* DESCRIPTION OF THE TASK:
Look through the data below for the line with "Sterlingsilber Diamantiert Herz Charm" and the line with "Colorful Dotted Sheer", then output those two and all lines in between, exactly as written.

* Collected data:
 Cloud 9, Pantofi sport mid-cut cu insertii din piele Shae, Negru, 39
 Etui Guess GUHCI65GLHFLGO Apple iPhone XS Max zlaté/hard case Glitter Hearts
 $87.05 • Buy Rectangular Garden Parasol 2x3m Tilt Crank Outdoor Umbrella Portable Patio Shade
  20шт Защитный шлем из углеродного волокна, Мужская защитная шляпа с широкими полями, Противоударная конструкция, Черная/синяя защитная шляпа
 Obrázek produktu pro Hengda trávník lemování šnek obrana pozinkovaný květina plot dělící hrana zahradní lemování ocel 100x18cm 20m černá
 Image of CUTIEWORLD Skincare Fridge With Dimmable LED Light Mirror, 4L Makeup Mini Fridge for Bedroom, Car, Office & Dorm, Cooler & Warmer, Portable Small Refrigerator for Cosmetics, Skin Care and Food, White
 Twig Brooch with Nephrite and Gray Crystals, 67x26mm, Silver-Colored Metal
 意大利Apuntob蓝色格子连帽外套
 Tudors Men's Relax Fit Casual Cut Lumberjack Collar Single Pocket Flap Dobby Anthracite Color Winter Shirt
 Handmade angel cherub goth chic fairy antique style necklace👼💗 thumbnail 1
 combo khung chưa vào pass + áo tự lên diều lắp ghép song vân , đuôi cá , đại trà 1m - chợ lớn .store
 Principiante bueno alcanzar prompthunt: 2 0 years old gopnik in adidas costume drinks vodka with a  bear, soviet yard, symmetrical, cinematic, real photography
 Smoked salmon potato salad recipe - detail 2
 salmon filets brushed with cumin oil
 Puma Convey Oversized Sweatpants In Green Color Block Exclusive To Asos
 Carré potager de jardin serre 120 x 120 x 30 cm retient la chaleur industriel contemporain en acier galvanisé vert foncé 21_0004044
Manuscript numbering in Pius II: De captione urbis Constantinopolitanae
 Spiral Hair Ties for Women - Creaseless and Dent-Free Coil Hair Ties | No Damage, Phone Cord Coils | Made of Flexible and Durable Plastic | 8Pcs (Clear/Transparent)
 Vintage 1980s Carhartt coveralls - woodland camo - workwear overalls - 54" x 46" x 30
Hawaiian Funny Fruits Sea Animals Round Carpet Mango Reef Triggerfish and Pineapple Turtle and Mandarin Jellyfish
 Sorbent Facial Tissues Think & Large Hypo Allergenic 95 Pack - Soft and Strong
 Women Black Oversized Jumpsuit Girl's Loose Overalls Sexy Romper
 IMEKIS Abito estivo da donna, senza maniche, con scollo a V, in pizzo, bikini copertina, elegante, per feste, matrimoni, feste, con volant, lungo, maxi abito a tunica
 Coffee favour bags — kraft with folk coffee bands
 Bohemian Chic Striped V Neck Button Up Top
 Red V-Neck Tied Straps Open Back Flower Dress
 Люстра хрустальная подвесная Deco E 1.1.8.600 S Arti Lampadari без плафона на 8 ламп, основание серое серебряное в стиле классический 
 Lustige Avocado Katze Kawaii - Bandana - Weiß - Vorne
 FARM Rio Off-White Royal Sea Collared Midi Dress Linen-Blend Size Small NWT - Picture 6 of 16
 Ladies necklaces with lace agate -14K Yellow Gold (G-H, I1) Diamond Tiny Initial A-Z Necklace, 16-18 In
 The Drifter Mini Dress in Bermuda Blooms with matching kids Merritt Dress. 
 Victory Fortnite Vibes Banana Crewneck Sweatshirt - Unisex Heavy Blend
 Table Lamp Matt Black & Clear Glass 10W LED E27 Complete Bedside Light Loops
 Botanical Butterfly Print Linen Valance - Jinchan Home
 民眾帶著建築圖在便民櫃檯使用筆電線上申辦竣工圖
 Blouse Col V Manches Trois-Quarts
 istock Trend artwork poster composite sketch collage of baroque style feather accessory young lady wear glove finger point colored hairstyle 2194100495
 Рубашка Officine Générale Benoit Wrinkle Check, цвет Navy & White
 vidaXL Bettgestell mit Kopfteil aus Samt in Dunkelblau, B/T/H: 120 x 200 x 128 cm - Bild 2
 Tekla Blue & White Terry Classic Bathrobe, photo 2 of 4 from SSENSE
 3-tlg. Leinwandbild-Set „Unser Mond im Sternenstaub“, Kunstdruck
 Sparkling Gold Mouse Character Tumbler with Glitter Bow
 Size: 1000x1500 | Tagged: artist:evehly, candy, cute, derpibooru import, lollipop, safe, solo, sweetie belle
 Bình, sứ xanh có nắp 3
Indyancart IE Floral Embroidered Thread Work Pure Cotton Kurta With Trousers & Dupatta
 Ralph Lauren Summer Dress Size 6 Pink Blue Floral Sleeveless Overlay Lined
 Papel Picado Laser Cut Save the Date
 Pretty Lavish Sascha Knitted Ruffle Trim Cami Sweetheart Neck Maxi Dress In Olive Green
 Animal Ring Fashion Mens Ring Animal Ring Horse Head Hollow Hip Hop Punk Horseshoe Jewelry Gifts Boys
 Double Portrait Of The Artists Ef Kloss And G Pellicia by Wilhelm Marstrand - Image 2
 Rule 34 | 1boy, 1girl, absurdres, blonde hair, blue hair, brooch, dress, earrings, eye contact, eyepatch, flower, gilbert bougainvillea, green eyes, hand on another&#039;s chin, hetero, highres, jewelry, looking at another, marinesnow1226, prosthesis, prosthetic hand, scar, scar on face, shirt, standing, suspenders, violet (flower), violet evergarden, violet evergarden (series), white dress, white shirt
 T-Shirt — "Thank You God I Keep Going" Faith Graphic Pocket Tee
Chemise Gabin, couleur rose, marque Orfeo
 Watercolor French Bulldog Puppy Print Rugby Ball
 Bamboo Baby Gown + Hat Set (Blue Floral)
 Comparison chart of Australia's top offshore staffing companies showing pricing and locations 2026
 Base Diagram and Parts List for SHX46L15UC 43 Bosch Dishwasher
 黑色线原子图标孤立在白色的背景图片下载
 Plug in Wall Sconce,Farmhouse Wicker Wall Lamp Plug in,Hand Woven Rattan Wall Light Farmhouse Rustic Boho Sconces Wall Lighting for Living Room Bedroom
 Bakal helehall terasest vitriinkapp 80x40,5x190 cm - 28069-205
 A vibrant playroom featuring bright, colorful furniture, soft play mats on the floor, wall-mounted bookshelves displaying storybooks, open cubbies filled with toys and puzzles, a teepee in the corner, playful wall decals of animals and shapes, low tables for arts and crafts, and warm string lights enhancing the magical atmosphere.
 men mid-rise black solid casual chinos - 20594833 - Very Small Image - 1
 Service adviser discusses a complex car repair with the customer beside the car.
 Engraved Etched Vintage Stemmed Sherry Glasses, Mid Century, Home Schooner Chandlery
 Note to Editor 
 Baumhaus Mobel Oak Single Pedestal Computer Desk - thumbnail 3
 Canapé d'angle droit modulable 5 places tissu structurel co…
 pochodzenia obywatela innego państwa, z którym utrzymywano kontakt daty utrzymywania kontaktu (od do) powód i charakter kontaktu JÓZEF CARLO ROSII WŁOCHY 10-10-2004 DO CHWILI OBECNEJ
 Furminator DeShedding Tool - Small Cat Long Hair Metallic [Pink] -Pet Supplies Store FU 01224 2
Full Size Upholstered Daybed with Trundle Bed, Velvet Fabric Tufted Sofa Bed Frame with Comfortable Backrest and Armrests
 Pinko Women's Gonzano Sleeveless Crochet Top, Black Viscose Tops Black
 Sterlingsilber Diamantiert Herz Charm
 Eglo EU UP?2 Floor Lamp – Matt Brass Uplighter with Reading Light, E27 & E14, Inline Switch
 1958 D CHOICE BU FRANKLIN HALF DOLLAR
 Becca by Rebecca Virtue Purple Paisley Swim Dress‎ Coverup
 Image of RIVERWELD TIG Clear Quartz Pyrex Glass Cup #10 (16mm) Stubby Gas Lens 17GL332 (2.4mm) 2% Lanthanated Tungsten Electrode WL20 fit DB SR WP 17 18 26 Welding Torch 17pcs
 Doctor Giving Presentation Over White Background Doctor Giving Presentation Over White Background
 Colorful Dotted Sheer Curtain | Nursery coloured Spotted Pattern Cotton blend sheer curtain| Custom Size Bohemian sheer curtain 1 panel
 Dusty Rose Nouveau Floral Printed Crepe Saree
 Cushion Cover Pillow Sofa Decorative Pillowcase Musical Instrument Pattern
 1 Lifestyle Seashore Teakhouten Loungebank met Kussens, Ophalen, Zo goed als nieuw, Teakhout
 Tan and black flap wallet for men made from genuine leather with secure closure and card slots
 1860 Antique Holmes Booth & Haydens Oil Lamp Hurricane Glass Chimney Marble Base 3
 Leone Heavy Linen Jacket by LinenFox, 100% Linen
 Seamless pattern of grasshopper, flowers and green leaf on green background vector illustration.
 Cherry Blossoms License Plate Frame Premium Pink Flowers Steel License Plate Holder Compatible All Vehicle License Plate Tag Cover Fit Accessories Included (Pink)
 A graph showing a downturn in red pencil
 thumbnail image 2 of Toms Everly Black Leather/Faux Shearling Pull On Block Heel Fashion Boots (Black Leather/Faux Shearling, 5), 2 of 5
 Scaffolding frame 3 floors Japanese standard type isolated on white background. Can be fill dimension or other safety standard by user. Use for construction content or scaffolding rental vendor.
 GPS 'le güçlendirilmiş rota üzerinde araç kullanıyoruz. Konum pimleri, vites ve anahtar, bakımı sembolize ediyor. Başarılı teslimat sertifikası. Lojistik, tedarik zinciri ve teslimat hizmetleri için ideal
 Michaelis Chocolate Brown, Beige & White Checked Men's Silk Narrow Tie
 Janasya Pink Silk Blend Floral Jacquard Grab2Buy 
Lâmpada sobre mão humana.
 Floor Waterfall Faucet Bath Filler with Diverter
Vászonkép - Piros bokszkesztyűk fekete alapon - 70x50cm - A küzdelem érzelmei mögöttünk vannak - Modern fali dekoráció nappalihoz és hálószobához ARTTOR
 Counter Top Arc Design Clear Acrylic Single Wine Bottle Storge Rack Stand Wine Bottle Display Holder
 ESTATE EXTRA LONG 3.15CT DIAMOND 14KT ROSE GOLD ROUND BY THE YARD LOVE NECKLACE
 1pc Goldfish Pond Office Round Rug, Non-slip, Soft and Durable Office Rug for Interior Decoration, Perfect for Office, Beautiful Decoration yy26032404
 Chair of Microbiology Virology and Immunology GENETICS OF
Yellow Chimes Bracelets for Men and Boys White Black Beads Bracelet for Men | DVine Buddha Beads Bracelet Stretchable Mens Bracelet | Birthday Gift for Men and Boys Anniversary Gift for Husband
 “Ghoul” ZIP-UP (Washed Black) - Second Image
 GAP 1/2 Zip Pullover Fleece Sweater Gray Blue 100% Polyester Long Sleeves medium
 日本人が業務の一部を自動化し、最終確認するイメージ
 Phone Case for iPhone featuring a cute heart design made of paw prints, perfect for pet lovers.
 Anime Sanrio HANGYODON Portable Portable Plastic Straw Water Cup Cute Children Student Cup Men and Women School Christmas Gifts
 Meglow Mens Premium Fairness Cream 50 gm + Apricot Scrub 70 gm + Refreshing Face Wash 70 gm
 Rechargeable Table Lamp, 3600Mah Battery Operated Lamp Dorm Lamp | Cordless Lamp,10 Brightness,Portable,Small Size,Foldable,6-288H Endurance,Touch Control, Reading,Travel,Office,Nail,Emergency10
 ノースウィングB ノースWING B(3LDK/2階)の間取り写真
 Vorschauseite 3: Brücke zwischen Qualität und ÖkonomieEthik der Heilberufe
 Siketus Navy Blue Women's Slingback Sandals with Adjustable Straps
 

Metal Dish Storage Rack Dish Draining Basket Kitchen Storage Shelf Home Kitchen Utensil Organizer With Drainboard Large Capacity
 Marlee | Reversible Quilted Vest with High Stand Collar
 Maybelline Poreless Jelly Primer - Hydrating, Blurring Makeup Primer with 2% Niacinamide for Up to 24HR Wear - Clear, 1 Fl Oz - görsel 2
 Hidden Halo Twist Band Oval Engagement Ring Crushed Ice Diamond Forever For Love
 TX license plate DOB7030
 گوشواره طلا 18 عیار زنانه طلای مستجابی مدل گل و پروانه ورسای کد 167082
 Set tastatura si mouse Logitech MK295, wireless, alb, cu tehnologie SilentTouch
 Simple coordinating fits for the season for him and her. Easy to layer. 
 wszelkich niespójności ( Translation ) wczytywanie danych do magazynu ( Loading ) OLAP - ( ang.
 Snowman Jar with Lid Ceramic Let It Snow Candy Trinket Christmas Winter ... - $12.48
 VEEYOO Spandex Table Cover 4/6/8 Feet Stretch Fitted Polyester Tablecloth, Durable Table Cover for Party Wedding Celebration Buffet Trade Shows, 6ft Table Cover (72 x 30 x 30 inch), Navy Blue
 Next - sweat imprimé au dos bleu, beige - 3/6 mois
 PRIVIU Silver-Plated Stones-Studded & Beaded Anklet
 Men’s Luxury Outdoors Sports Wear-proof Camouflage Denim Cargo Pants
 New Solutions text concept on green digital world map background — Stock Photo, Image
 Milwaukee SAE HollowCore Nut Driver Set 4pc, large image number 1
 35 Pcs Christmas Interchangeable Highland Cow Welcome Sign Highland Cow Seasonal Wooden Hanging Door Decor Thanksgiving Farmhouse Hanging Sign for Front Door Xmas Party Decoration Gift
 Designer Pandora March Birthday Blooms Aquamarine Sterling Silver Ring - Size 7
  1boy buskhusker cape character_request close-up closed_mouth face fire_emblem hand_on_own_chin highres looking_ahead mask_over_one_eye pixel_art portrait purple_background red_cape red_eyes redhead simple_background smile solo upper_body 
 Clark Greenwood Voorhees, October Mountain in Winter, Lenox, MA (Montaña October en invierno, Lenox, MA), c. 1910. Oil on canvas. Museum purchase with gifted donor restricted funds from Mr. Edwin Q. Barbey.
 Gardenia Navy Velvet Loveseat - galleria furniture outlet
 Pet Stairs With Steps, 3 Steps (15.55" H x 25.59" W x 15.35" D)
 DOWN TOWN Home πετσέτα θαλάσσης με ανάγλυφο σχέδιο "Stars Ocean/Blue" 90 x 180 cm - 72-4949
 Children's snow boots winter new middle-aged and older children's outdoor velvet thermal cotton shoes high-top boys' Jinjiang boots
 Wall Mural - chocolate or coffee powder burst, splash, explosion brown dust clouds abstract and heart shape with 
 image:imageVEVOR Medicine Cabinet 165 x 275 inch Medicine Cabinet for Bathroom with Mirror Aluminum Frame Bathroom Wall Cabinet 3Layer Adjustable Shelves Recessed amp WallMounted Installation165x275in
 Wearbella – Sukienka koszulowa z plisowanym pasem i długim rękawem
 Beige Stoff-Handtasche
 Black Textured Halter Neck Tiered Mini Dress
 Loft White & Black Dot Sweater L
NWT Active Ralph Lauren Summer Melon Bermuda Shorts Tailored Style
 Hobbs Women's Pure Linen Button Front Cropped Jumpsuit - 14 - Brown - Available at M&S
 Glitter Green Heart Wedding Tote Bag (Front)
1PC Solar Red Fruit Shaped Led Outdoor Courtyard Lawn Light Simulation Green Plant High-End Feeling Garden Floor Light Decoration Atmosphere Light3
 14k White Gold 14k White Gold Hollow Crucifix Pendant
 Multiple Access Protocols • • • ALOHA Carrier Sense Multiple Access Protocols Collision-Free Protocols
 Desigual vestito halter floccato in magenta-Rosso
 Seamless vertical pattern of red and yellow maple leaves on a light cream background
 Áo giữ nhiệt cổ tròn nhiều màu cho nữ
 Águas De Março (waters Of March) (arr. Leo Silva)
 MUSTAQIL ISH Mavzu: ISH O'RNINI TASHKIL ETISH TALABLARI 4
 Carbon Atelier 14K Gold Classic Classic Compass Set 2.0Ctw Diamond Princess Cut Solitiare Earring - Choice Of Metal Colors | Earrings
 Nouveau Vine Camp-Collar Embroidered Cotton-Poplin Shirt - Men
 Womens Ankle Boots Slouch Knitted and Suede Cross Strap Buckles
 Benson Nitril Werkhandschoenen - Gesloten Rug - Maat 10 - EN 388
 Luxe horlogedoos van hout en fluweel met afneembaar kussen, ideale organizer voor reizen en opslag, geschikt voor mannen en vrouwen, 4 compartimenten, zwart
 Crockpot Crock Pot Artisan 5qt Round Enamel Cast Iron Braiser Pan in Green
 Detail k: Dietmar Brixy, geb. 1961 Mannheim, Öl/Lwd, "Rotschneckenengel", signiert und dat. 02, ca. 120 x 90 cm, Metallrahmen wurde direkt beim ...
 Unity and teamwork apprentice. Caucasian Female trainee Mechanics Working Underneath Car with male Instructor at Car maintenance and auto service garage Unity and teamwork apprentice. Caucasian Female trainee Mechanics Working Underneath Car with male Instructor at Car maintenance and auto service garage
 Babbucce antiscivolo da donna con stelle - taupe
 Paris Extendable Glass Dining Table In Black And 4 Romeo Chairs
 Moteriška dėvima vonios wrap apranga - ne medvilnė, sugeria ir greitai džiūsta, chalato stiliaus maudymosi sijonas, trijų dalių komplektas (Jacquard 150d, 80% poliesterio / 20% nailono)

* EXERCISE RESPONSE:
 Sterlingsilber Diamantiert Herz Charm
 Eglo EU UP?2 Floor Lamp – Matt Brass Uplighter with Reading Light, E27 & E14, Inline Switch
 1958 D CHOICE BU FRANKLIN HALF DOLLAR
 Becca by Rebecca Virtue Purple Paisley Swim Dress‎ Coverup
 Image of RIVERWELD TIG Clear Quartz Pyrex Glass Cup #10 (16mm) Stubby Gas Lens 17GL332 (2.4mm) 2% Lanthanated Tungsten Electrode WL20 fit DB SR WP 17 18 26 Welding Torch 17pcs
 Doctor Giving Presentation Over White Background Doctor Giving Presentation Over White Background
 Colorful Dotted Sheer Curtain | Nursery coloured Spotted Pattern Cotton blend sheer curtain| Custom Size Bohemian sheer curtain 1 panel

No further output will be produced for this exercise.